01 noviembre 2006

VI



Cierto fin de semana, Leire se encontraba esperando la visita de Chemo... y se sintió afiebrada: se puso el termómetro y comprobó que tenía temperatura muy alta. Su madre desaconsejó cualquier cosa que no fuera guardar cama todo el fin de semana: y Leire lloró tanto y con tan hondo dolor por separarse otra semana más de Chemo, que la madre temió que enfermara seriamente y hubo de advertirla.


Era tan grande lo que sentía Leire… nunca antes había experimentado tal conmoción. Nunca antes había cedido su mente el control al corazón. Y es que ya no era sino corazón y cuerdas de chelo, que Chemo pulsaba a su antojo.


Leire, desde su despacho y entre expediente y expediente, escribía una carta semanal a Chemo. A veces se la enviaba por correo, otras la guardaba para entregársela en persona el viernes. Chemo hacía otro tanto… cartas inflamadas de pasión, en las que ambos aseguraban no poder vivir el uno sin el otro; ser el uno para el otro lo mejor que habían encontrado en sus respectivas vidas. Cartas en las que Leire suplicaba por unos cables, aún no inventados, que conectasen sus cerebros y almas, para probarse lo que sentían.

Docenas de cartas guardó y releyó Leire hasta hace sólo unos pocos meses, cuando tomó la decisión de devolverlas a su autor. Unas misivas que habían dejado de intercambiarse cuando Chemo, al poco, se aburrió de escribir.

Entonces-creía aún Leire- que, cuando cesa la pasión, lo que queda es el AMOR. Y no... a veces no queda nada...



A Leire no le importaban las anteriores relaciones de Chemo; no sentía curiosidad: “me basta el aquí y ahora”, decía.
Pero Chema insistía en contarle:
Así supo que había tenido una larga relación con una chica de dieciocho años que veraneaba en el mismo pueblo que los padres de Leire: al parecer fue una relación de altos y bajos que, decía Chemo, había cortado él, a pesar de que ella quería casarse.
A esta chica le siguió una mujer de origen asiático a la que Chemo conoció en su ciudad de trabajo; y a la que dejó también cuando ella entendió que habían de casarse:
Al parecer, la educación recibida lpor la cxhica le hacía entender que las relaciones sexuales debían seguirse del matrimonio; y Chemo le hizo ver la discrepancia de mentalidad.
Ella, según Chemo, volvió a su país, destrozada, y allí intentó acabar con su vida, cortándose las venas. Afortunadamente, explicó Chemo, no lo consiguió y hoy día está felizmente casada con un compatriota.

Y la inmediata antecesora de Leire quien, al mismo tiempo que con Chemo, salía con un hombre casado, hasta que ella dejó temporalmente a Chemo por volver con el otro.
Al parecer, cuando la chica intentó reconquistar a Chemo, éste- primando el orgullo- la rechazó.

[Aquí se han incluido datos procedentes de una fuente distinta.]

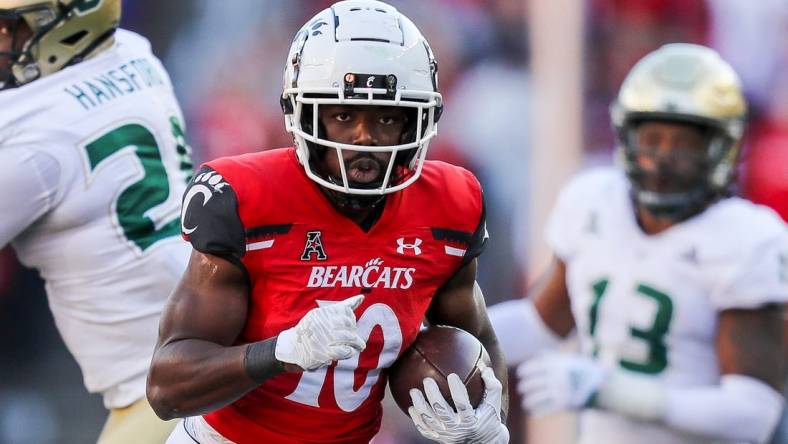 Oct 8, 2022; Cincinnati, Ohio, USA; Cincinnati Bearcats running back Charles McClelland (10) runs with the ball against the South Florida Bulls in the second half at Nippert Stadium. Mandatory Credit: Katie Stratman-USA TODAY Sports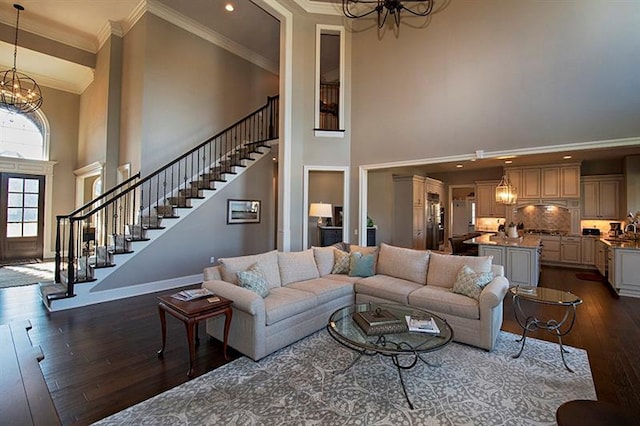 living room featuring dark hardwood / wood-style floors, crown molding, a towering ceiling, and an inviting chandelier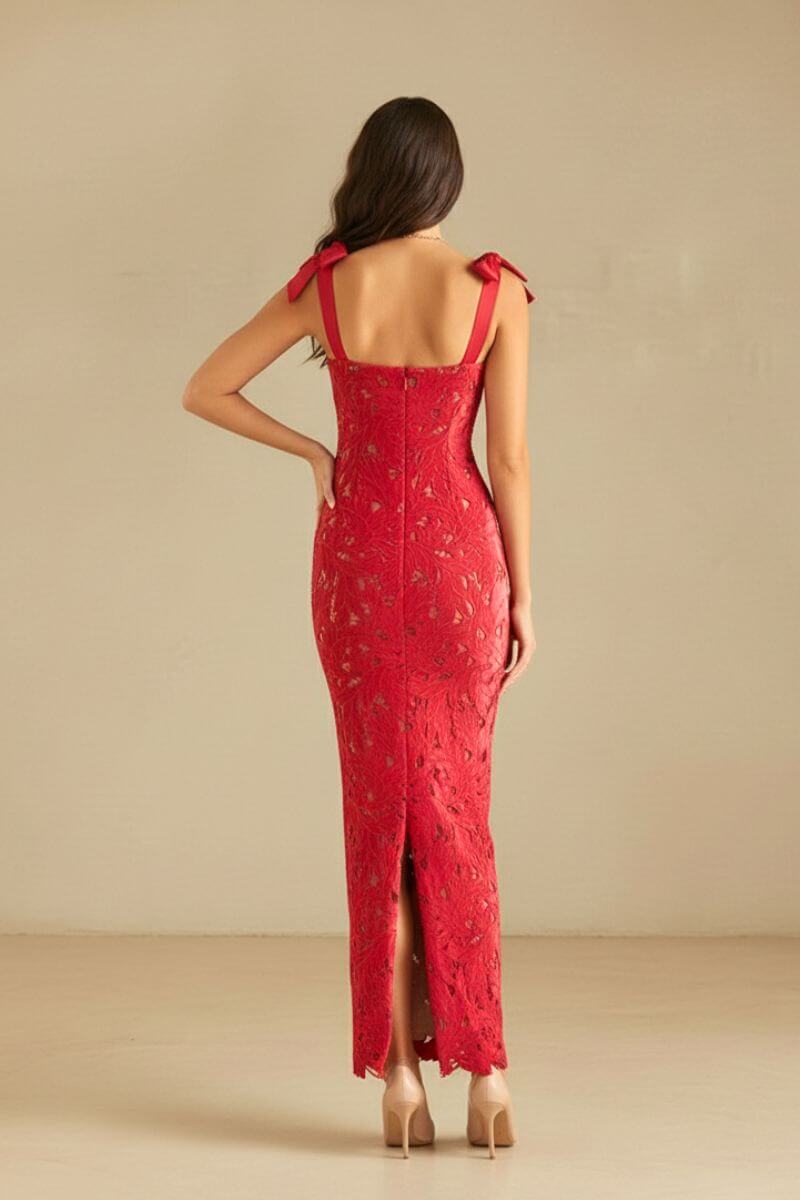 Back view of the red lace dress with bow straps, exposed zipper, and back slit, showing the fitted lace silhouette.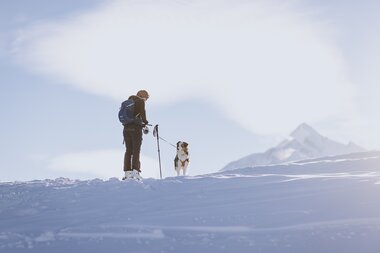 Hiker with backpack ski touring with a dog in snowy mountain landscape, sky with few clouds in the background. | © JFK Photography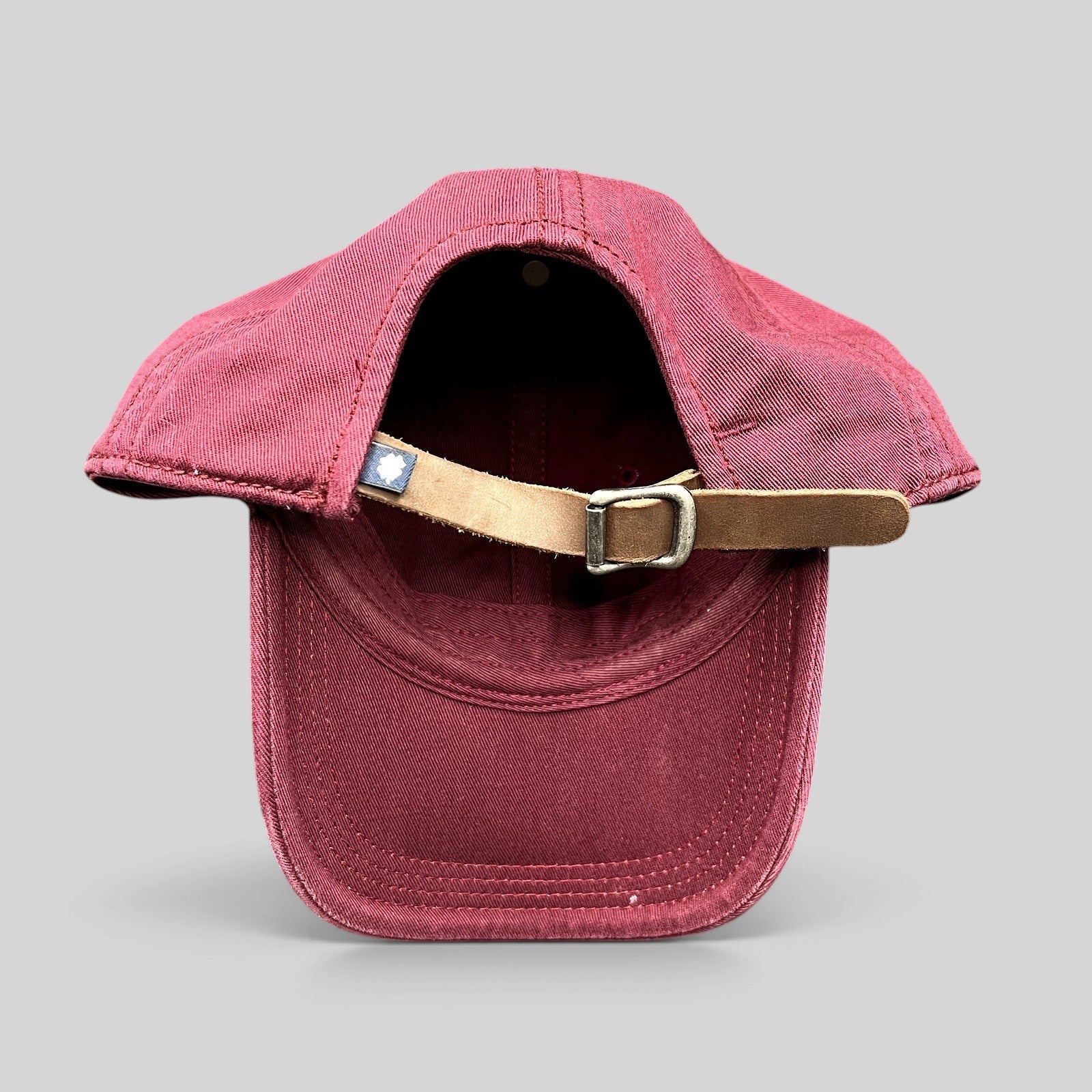 Raree Finds Lucky Brand x Budweiser burgundy cotton strapback hat showing the adjustable leather strap and metal buckle
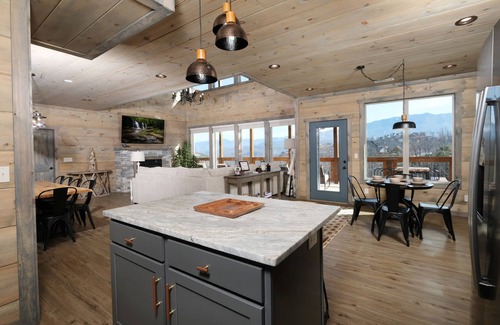 Chalet Village North Cabin | NEW Luxury 3-story cabin! MTN Views Hot Tub, Game Room, Fire Pit- Summer Pools!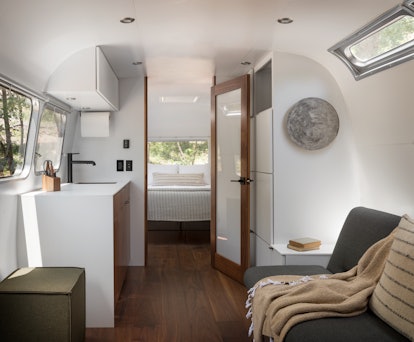 The interior of an AutoCamp airstream trailer is very luxe and decorated with nature-inspired detail...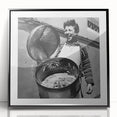 Large abstract wall art depicting people and food in mid-century modernist style, framed in black acrylic.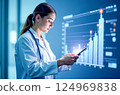A young woman doctor in a white coat learns diagrams on an interactive screen, business in medicine 124969838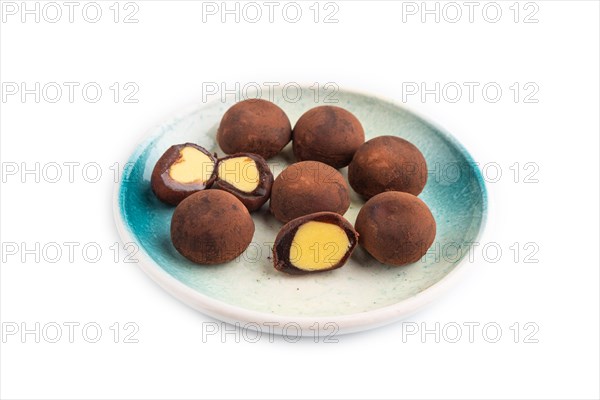 Japanese rice sweet buns chocolate mochi filled with cream isolated on white background. side view, copy space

Chemo presumía de ser siempre él quien cortaba la relación; y de que siempre le habían “cazado”: que nunca hubo de esforzarse por conseguir una mujer. Supuestamente, Leire era la única por la que hubo de esforzarse para conquistarla.

Apenas se detuvo un instante Leire en considerar esta actitud de Chemo como presuntuosa y entender que se estaba pavoneando ante ella.
Era algo más profundo, como entendería con el paso del tiempo. Y es que a Leire debió haberle quedado meridianamente claro que NADIE abandonaba a Chemo.

Otra peculiaridad de Chemo parecía ser su preferencia, cercana a a obsesión. por las mujeres vírgenes y, según él, vírgenes fueron todas sus novias. Este tema causaba cierto apuro y malestar a Leire, poco acostumbrada a tratar de su sexualidad con nadie y nada dispuesta a otorgar tan desmedida relevancia a ese tema: a su juicio, obsoleto para la mentalidad de la sociedad del momento y con un mucho de sexismo.

En fin… Entonces para Leire el mundo era de color azul-bebé y cada nuevo día olía a recién nacido y a promesas que no se atrevía a desear se cumplieran. Tan feliz era esperándolas y viéndolas flotar como pompas de jabón.